Researchers have proposed several solutions to the problem of fooling networks, but a common solution has not yet been found. In real applications this can be dangerous. One of the frightening scenarios, according to Clun, is that hackers learn to use these network flaws. They can send the mobile phone to a billboard, which he will take for the road, or deceive the retina scanner at the entrance to the White House. “We need to roll up our sleeves and conduct in-depth scientific research in order to make the MoD more reliable and clever,” concludes Klun.
Such problems have led some computer scientists to think that it is not worth dwelling on neural networks alone. Zubin Gahramani [Zoubin Ghahramani], a MoD researcher at the University of Cambridge, says that if an AI has to give answers that people can easily interpret, this will lead to "a lot of problems that GO cannot help to cope with." One of the fairly understandable scientific approaches was first shown in 2009 by Lipson and computational biologist Michael Schmidt, who worked at Cornell University at the time. Their algorithm, Eureqa, demonstrated the process of re-discovering Newton's laws by observing a simple mechanical object — a system of pendulums — in motion.
Starting with a random combination of mathematical bricks like +, -, sine and cosine, Eureqa by trial and error, similar to Darwinian evolution, changes them until it comes to the formulas describing the data. She then offers experiments to test the models. One of its advantages is simplicity, says Lipson. “The model developed by Eureqa usually has a dozen parameters. Neural networks have millions of them. ”
On autopilot
Last year, Garahmani published the algorithm for automating the work of a scientist based on data, from raw data to finished scientific work. His software, Automatic Statistician, notices trends and anomalies in data sets and gives a conclusion, including a detailed explanation of the reasoning. This transparency, in his words, is “completely critical” for use in science, but also important for commercial applications. For example, in many countries, banks that refuse to borrow, are required by law to explain the reason for the refusal - and this may be impossible for the GO algorithm.
The same concerns apply to different organizations, explains Ellie Dobson, director of data science at Arundo Analytics in Oslo. If, say, in Britain, something goes wrong due to a change in the base rate, the Bank of England cannot simply say “it's all because of the black box”.
But, despite all these fears, computer scientists say that attempts to create a transparent AI should be an addition to the GO, and not a replacement for this technology.
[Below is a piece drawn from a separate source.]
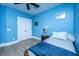 This bedroom features light blue walls, a ceiling fan, and a bed with white bedding and a blue blanket at 2402 Brackish Dr, Mount Pleasant, SC 29466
Some transparent techniques may work well in areas already described as a set of abstract data, but they cannot cope with perception — the process of extracting facts from raw data.
As a result, according to them, the complex answers received thanks to the Ministry of Defense should be part of the toolkit of science, since the real world is complex. For phenomena such as the weather or the financial market, reductionist, synthetic descriptions may simply not exist. “There are things that cannot be described in words,” says Stéphane Mallat, an applied mathematician at the Paris Polytechnic School. “When you ask the doctor why he made such a diagnosis, he will give you reasons,” he says. - But why then do you need 20 years to become a good doctor? Because information is received not only from books. ”
According to Baldi, a scientist should accept GO and not much to bathe about the black boxes. They have such a black box in their head. "You constantly use the brain, you always trust it, and you do not understand how it works."